Sometimes too much information can reduce the effectiveness of OML4SQL. Some of the columns of data attributes assembled for building and testing a model in a supervised learning do not contribute meaningful information to the model. Some actually detract from the quality and accuracy of the model.
For example, you want to collect a great deal of data about a given population because you want to predict the likelihood of a certain illness within this group. Some of this information, perhaps much of it, has little or no effect on susceptibility to the illness. It is possible that attributes such as the number of cars per household do not have effect whatsoever.
Irrelevant attributes add noise to the data and can affect model accuracy. Noise increases the size of the model and the time and system resources needed for model building and scoring.
Data sets with many attributes can contain groups of attributes that are correlated. These attributes actually measure the same underlying feature. Their presence together in the build data can skew the patterns found by algorithm and affect the accuracy of the model.
Wide data (many attributes) typically results in more processing by machine learning algorithms. Model attributes are the dimensions of the processing space used by the algorithm. The higher the dimensionality of the processing space, the higher the computation cost involved in algorithmic processing.

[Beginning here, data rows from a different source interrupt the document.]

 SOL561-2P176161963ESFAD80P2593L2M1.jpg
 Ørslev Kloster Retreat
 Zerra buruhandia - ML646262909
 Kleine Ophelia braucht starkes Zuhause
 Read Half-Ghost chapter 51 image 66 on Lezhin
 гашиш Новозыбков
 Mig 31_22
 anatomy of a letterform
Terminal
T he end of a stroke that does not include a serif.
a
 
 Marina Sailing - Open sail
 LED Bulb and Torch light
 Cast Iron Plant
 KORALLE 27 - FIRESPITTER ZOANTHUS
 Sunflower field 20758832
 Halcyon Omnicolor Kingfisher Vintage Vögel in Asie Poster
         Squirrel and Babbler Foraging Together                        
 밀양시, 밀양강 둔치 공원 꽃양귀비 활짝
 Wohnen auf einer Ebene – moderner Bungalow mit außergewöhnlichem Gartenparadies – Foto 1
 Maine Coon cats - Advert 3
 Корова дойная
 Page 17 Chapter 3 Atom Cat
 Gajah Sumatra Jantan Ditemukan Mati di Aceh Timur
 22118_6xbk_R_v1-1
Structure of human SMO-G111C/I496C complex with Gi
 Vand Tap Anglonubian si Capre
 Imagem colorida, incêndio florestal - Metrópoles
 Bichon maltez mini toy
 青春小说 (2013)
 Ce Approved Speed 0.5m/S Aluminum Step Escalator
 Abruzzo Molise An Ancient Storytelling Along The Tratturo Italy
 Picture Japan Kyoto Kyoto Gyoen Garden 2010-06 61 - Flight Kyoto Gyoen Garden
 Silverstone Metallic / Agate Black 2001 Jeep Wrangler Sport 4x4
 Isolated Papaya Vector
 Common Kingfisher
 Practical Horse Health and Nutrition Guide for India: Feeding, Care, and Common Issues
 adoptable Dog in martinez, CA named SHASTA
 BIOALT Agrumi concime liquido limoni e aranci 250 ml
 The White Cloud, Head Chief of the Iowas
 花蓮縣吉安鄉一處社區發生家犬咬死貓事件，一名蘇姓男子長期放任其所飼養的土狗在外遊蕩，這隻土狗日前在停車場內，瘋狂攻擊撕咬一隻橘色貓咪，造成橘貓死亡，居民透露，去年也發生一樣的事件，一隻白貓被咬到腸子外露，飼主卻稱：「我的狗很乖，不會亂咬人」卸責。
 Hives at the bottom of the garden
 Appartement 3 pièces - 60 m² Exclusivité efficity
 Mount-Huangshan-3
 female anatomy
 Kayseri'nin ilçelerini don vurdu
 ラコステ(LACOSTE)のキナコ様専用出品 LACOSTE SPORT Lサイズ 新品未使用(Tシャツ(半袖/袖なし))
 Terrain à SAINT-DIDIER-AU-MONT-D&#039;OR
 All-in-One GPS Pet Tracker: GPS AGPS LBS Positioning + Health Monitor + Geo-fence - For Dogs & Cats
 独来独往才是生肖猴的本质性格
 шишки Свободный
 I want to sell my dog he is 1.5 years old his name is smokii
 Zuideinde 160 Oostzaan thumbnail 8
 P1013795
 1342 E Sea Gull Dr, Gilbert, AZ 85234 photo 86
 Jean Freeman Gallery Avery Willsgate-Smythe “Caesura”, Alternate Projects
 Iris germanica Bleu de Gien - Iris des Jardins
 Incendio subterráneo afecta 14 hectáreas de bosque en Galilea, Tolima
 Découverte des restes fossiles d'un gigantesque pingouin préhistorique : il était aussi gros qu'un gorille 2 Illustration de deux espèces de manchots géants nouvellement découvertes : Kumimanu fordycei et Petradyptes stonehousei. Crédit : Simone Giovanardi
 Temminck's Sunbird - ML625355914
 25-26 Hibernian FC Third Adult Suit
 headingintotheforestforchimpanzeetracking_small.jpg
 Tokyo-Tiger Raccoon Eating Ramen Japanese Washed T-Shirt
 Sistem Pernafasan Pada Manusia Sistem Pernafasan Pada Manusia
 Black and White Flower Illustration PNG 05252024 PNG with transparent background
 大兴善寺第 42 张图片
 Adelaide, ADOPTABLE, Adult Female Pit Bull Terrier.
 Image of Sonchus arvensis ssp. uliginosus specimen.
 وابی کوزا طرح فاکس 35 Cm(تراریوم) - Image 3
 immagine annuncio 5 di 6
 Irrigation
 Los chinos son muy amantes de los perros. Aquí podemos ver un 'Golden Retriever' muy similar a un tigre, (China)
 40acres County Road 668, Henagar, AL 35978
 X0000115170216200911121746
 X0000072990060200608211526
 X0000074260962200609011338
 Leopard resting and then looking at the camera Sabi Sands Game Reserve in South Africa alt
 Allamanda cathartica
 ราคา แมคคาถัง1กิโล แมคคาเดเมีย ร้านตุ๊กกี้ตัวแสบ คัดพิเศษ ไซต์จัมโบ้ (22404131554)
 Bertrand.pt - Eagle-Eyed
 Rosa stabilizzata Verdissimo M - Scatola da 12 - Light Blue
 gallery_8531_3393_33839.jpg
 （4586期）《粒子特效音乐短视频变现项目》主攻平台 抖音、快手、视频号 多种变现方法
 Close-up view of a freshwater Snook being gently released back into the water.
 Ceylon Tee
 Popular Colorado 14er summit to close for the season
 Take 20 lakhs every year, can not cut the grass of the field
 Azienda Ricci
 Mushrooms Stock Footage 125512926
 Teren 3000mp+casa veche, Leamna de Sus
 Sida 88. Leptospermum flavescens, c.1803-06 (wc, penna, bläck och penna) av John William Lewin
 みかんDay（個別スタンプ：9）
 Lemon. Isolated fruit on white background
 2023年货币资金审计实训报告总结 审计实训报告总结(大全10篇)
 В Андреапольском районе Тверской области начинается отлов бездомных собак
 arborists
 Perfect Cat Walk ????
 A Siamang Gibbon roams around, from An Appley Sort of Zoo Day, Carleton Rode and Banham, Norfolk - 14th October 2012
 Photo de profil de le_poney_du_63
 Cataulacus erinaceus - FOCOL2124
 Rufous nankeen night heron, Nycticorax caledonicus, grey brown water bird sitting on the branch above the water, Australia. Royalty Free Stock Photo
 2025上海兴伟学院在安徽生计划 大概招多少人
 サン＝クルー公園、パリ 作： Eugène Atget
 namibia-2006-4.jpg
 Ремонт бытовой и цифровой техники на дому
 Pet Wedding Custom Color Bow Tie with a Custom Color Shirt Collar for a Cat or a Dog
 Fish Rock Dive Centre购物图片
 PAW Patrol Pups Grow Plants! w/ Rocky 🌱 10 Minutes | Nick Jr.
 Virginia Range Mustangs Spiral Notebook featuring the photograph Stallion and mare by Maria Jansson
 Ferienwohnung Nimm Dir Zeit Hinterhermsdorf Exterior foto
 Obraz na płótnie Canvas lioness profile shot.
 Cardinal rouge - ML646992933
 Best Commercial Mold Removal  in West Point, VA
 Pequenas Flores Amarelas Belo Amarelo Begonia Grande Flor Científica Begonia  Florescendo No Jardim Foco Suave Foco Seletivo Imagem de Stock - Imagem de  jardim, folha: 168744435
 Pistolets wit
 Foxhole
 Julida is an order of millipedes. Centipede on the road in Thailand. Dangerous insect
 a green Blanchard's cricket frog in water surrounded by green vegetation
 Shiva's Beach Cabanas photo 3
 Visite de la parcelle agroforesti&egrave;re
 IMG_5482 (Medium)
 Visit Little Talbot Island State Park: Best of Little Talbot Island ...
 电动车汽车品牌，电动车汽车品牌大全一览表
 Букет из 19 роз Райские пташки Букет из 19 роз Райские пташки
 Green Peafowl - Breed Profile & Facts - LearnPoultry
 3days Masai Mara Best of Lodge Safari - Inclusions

To minimize the effects of noise, correlation, and high dimensionality, some form of dimension reduction is often a desirable preprocessing step. Feature selection involves identifying those attributes that are most predictive and selecting among those to provide the algorithm for model building. By removing attributes that add little or no value to a model has these benefits - potentially increasing model accuracy while reducing compute time since fewer attributes need to be processed. Informative and representative samples are best suited in feature selection. Sometimes you can represent the variables that are important than to represent the linear combination of variables. You can single-out and measure the "importance" of a column or a row in a data matrix in an unsupervised manner (a low-rank matrix decomposition).
Feature selection optimization is performed in the Decision Tree algorithm and within Naive Bayes as an algorithm behavior. The Generalized Linear Model (GLM) algorithm can be configured to perform feature selection through model setting.
10.2 About Feature Selection and Attribute Importance
Finding the most significant predictors is the goal of some machine learning projects. For example, a model might seek to find the principal characteristics of clients who pose a high credit risk.
Oracle Machine Learning for SQL supports the attribute importance machine learning function, which ranks attributes according to their importance. Attribute importance does not actually select the features, but ranks them as to their relevance to predicting the result. It is up to the user to review the ranked features and create a data set to include the desired features.
Feature selection is useful as a preprocessing step to improve computational efficiency in predictive modeling.
10.2.1 Attribute Importance and Scoring
The results of attribute importance are the attributes of the build data ranked according to their influence.
The ranking and the measure of importance can be used in selecting training data for classification and regression models. Also, used for selecting data for unsupervised algorithm like CUR matrix decomposition. Oracle Machine Learning for SQL does not support the scoring operation for attribute importance.